Le bio transformé, en croissance continue

« La demande pour des produits fruits et légumes transformés bio s’accélère. En 2017, 49 % de nos fruits étaient bio, c’est désormais 57 % en 2018. Idem pour l’origine France : de 22 % de nos achats de fruits, nous sommes passés à 25 % en 2018, soit 354 892 t », confirme Philippe Constant, chargé de filières à Naturgie Favols, entreprise de production de confitures, labellisée IFS, bio, et Bioentreprise durable.

Même constat du côté des compotes Charles & Alice. En GMS, la croissance du marché des compotes bio s’accélère : +27 % entre 2017 et 2018 et déjà +17 % sur les deux premiers trimestres de cette année. Pour comparaison, les fruits frais bio observent « seulement » une croissance de 9 à 10 %. « Pour notre filière, nous estimons aujourd’hui le potentiel de part de marché du bio de 15 à 20 % à terme, donc de belles perspectives pour la filière de transformation des fruits. L’ensemble de la gamme en GMS est origine France en pommes, poires, abricots, châtaignes, cassis, pruneaux et rhubarbes. Il y a une forte volonté de développer d’autres filières bio d’origine France. C’est un vrai challenge », analyse Mélanie Bordet, acheteuse matières premières chez Charles & Alice.

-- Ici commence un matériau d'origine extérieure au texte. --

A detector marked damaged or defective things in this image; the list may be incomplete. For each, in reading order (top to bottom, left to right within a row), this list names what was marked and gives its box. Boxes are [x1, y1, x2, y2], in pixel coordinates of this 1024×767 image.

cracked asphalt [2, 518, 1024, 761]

Les légumes transformés ne sont pas en reste. Selon les chiffres de Gelagri, la filiale légumes surgelés Triskalia, les légumes surgelés bio en France représentent aujourd’hui 23 000 t (13 000 t pour le retail et 10 000 t pour la RHD). « Nous estimons les perspectives de développement du marché bio à 70 000 t (38 000 t retail et 32 000 t RHD) en 2025, dont un potentiel pour Gelagri de 23 000 t, soit une part de marché de 33 %. Notre part de marché est actuellement de 22 %, nous sommes limités dans notre développement par l’approvisionnement », estime Clara Baudoin, coordinatrice des filières bio Triskalia.

Du durable, du responsable ou du ZRP

Il n’y a pas que le bio. Certains comme Côteaux Nantais vont encore plus loin avec la biodynamie (label Demeter). De manière générale, les cultures durables sont demandées par la société. Ainsi, Materne/Pom’Potes s’est engagé en septembre « à ne se sourcer, pour ces deux marques, qu’en pommes Vergers écoresponsables, hors bio » (cf. FLD Hebdo du 5 septembre). Et Andros Restauration mise pour ses compotes sur le Zéro résidu de pesticides (cf. FLD Hebdo du 17 octobre). « Nous faisons aussi le bio zéro résidu car même si ce n’est pas demandé par les consommateurs, nous voulions aller plus loin : le bio est une obligation de moyens, le zéro résidu une obligation de résultat », avait précisé Andros Restauration à FLD. Et si la demande n’est pas encore là, elle n’est forcément pas bien loin.